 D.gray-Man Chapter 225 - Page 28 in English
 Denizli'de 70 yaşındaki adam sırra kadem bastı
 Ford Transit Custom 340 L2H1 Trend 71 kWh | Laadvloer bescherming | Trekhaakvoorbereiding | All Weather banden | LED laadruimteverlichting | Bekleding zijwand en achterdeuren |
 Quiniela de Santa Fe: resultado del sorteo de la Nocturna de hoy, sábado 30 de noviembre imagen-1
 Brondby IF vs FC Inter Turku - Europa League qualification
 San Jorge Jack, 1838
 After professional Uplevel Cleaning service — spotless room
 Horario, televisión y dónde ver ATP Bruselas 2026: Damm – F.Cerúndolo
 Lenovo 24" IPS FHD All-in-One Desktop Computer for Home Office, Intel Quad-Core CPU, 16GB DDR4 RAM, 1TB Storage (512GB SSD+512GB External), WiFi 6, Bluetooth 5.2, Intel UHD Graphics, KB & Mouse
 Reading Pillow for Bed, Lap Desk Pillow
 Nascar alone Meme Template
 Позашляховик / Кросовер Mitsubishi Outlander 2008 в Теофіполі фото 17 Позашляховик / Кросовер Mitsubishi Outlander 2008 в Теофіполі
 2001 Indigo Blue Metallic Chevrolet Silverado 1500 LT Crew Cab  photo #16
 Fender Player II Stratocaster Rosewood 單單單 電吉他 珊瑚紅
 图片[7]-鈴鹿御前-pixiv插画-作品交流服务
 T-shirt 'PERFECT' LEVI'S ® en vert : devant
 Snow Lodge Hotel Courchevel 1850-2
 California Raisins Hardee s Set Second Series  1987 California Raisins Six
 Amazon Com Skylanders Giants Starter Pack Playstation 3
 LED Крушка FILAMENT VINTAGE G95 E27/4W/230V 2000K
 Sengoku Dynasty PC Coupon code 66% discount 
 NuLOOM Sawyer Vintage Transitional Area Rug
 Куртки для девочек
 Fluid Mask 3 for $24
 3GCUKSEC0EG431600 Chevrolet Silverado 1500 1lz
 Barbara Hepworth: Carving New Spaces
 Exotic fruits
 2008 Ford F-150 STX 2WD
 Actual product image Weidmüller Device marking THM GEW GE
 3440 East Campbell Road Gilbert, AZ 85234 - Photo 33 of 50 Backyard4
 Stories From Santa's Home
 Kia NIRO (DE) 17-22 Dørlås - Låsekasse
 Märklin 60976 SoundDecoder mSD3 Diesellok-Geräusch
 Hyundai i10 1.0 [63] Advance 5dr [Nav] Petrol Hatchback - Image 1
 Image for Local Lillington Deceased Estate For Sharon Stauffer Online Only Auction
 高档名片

=====

TASK TO COMPLETE. Your answer should consist of the lines above that hold the word "Santa", copied exactly.

ANSWER FOR THIS EXERCISE.
 Quiniela de Santa Fe: resultado del sorteo de la Nocturna de hoy, sábado 30 de noviembre imagen-1
 Stories From Santa's Home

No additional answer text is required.